If I open up a terminal (xfce4-terminal 0.6.3, but I doubt it matters) and I look at what terminal attributes are set (BASH is running in the terminal),
$ stty -a
speed 38400 baud; rows 24; columns 80; line = 0;
intr = ^C; quit = ^\; erase = ^?; kill = ^U; eof = ^D; eol = M-^?; eol2 = M-^?;
swtch = M-^?; start = ^Q; stop = ^S; susp = ^Z; rprnt = ^R; werase = ^W;
lnext = ^V; discard = ^O; min = 1; time = 0;
-parenb -parodd -cmspar cs8 hupcl -cstopb cread -clocal -crtscts
-ignbrk brkint -ignpar -parmrk -inpck -istrip -inlcr -igncr icrnl ixon -ixoff
-iuclc ixany imaxbel iutf8
opost -olcuc -ocrnl onlcr -onocr -onlret -ofill -ofdel nl0 cr0 tab0 bs0 vt0 ff0
isig icanon iexten echo echoe echok -echonl -noflsh -xcase -tostop -echoprt
echoctl echoke -extproc
then I have a whole bunch of terminal attributes. Fine enough. If I then take a look at what terminal I'm using:
$ tty
/dev/pts/0
then, on a new tab of my terminal (which new tab happens to be /dev/pts/1) I look at the terminal attributes of my first terminal, it seems to have slightly different terminal attributes:
$ stty -a -F /dev/pts/0
speed 38400 baud; rows 24; columns 80; line = 0;
intr = ^C; quit = ^\; erase = ^?; kill = ^U; eof = ^D; eol = M-^?; eol2 = M-^?;
swtch = M-^?; start = ^Q; stop = ^S; susp = ^Z; rprnt = ^R; werase = ^W;
lnext = <undef>; discard = ^O; min = 1; time = 0;
-parenb -parodd -cmspar cs8 hupcl -cstopb cread -clocal -crtscts
-ignbrk brkint -ignpar -parmrk -inpck -istrip -inlcr -igncr -icrnl ixon -ixoff
-iuclc ixany imaxbel iutf8
opost -olcuc -ocrnl onlcr -onocr -onlret -ofill -ofdel nl0 cr0 tab0 bs0 vt0 ff0
isig -icanon iexten -echo echoe echok -echonl -noflsh -xcase -tostop -echoprt
echoctl echoke -extproc
Notably, the original terminal here appears to not be in canonical mode, it has no literal next special character...
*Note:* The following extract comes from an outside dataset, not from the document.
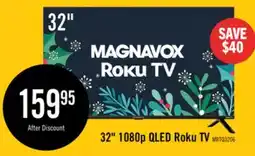 The Brick MAGNAVOX 32 MRTQ QLED Quantum Dot FHD Smart Roku TV (MRTQ3206) offer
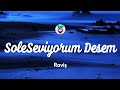 Raviş Seviyorum Desem Sözleri Lyrics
So why does this happen? I'd like to be able to look at things like this to see, e.g., if modern ed
uses canonical mode, but if there's a Heisenberg problem of looking at it from another terminal, I don't know how I'd do it.
So, my two main questions:
- Does the terminal just appear to have different attributes when I look at it from another terminal? (e.g. is my first terminal still in canonical mode, but
stty -a -F
returns incorrect information?) - If the terminal does really change attributes when I switch to the other terminal, how does it know? Is the 1st terminal somehow informed when I'm not directly looking at it?
P.S.: I tried this on the Linux Console also, just to make sure it wasn't a pseudo-terminal thing. Same results.